“Aqueles de entre nós que alguma vez estiveram no mundo dos serviços secretos nunca realmente o deixam. Se não partilhávamos os seus hábitos antes de entrarmos nele, partilhá-los-emos para todo o sempre.” Estas palavras de John le Carré no livro de memórias “O Túnel dos Pombos” (edição Dom Quixote), sobre a natureza obsessiva do ser espião, podiam vir em epígrafe na série «The Agency», novidade da SkyShowtime. Qual charme bondiano qual quê… Ação acrobática e escapismo? Se procura este género de história de espionagem, esqueça, não o vai encontrar aqui, contra todas as probabilidades que definem as ficções do nosso tempo – um tempo viciado em narrativas de azáfama visual, com pouca margem para diálogos condutores em território desconhecido. Importa, então, que fique claro logo à partida: estamos perante uma série com veia de Le Carré, e como tal, menos próxima de um espetáculo de ação do que da angústia da identidade perdida. Como se ouvirá alguém dizer, “this is the agency, nothing is personal”.
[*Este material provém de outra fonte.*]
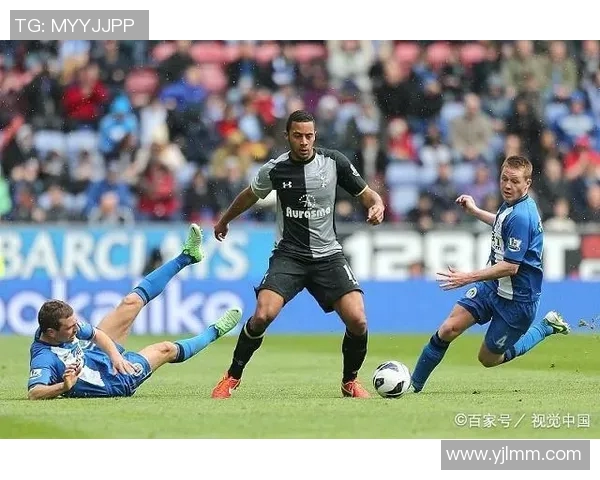 欧洲以色列对阵马其顿的比赛前瞻与胜负分析展望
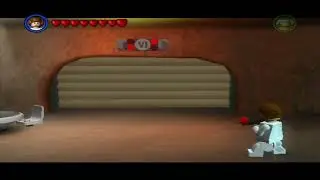 Cheat Pnach LEGO Star Wars II - The Original Trilogy PCSX2/AetherSX2 (DBC0EE78.pnach)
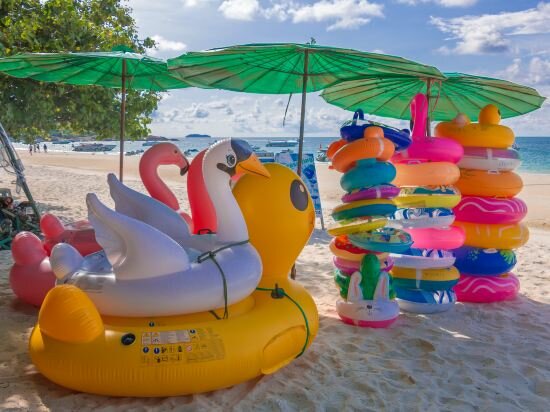 Фото Saikaew villa 65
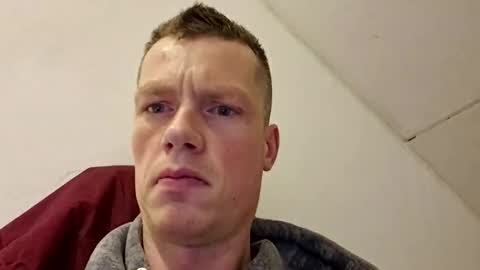 Snapshot of the___rocky200 chatting on January 2026 09:28:02 PM Dennis online show from January 2026 09:28:02 PM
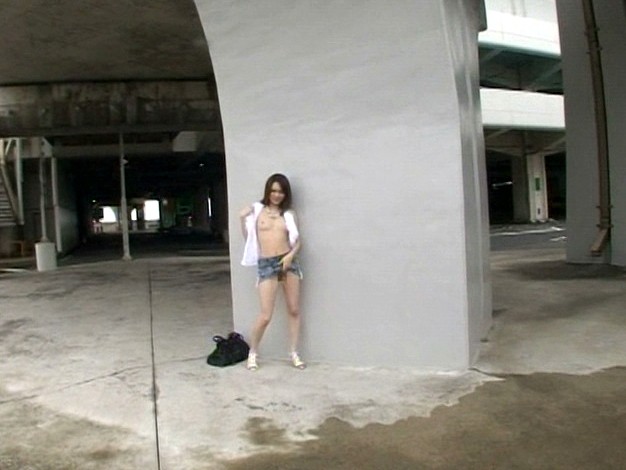 DVDPS-938 Bagian 4 - 48 minit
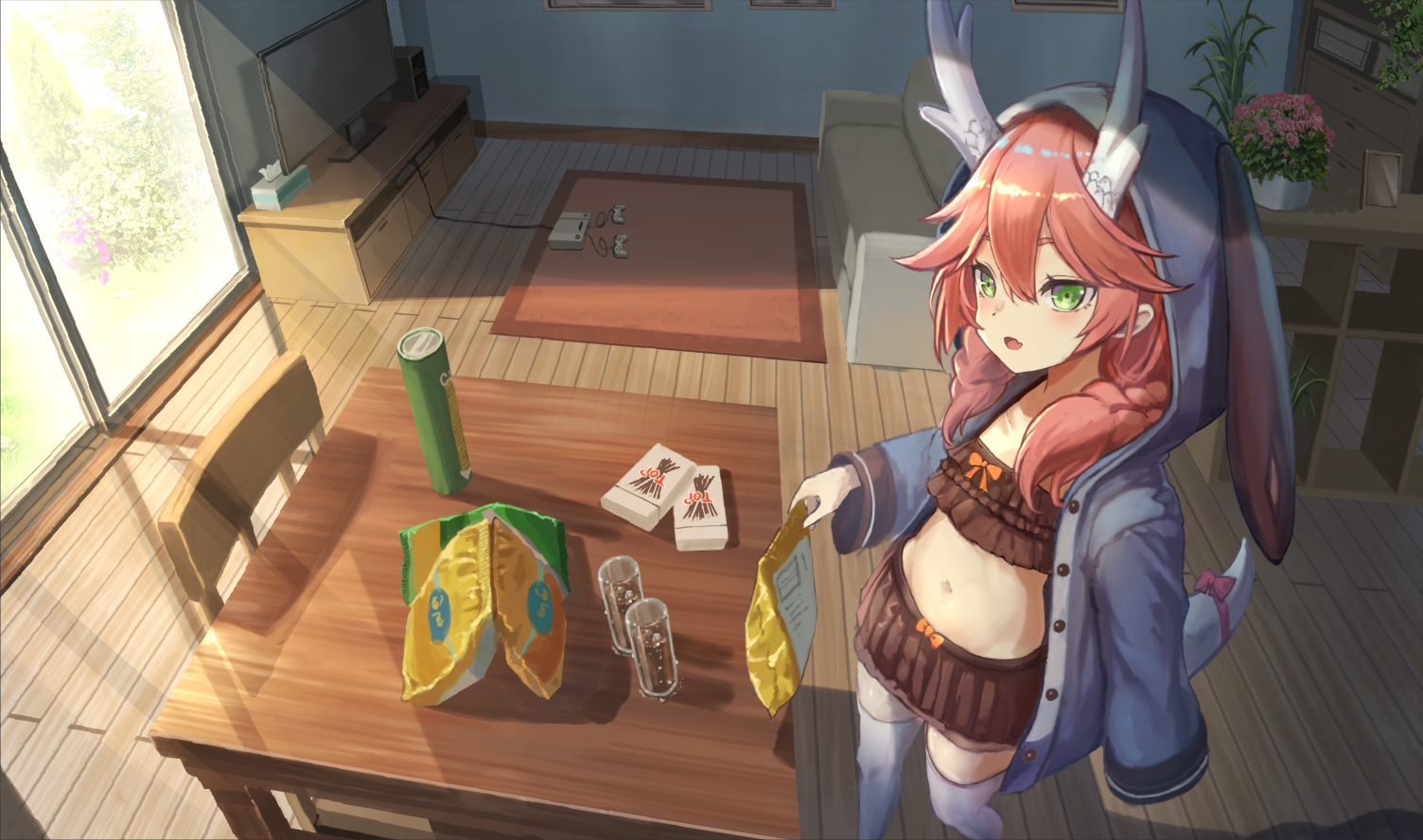 azur-lane-ryuujou-i00006-amaterasu-anime-art-and-photo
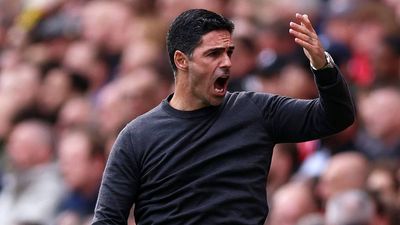 Mikel Arteta’s High Standards Leave Two Arsenal Players Scrambling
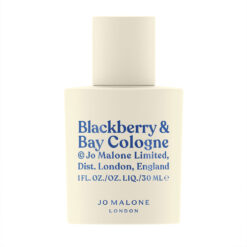 Jo Malone Blackberry and Bay 30ml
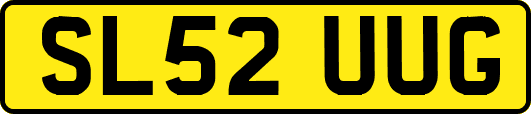 SL52UUG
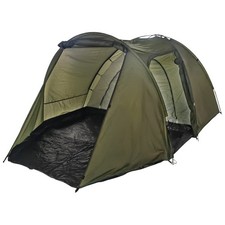 4-6 Person Camping Tent Large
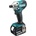Makita DTD156SF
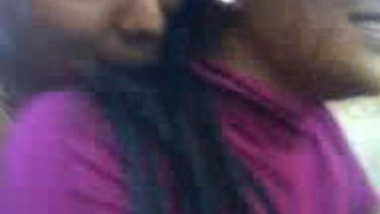 Amakhati Guy.His.Gf s.Frnd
Adaptação do drama francês «Le Bureau des Legendes» (2015-2020), esta proposta de thriller de psicologia intensiva muniu-se do melhor elenco para captar as atenções: de Michael Fassbender a Jeffrey Wright, passando por Richard Gere e um conjunto de brilhantes secundários, «The Agency» insere-nos na atmosfera “intelectual” da espionagem através da figura carismática de um agente regressado à sua base em Londres, depois de seis anos de missão em Adis Abeba, onde se apaixonou por uma mulher. Martian (Fassbender), nome de código, será, pois, o ângulo principal numa série de 10 episódios (a imprensa teve acesso a três) que se alarga à dinâmica interna da CIA, enquanto jogos de traição e novos recrutamentos expõem a linha fina e complexa que separa a nossa realidade da realidade dos agentes secretos.
Sem o pronunciado estilo americano deste tipo de thriller, geralmente reconhecido pela expressão enérgica, mas com refrescantes diálogos inteligentes que dão outra engrenagem e gravidade aos episódios, «The Agency» parece ter aproveitado o molde da interpretação de Fassbender em «The Killer», de David Fincher, para preencher com novos elementos psíquicos uma postura mecanizada pela experiência. Veja-se, por exemplo, como um novo apartamento pode ser um ninho de vigilância interna: só um agente calejado tem a intuição precisa para encontrar cada um dos microfones plantados em zonas cirúrgicas. É nesta condição de permanente desconfiança que se aguça a narrativa. E já agora, convém referir que Joe Wright (realizador de «Orgulho e Preconceito») assina os meticulosos dois primeiros episódios.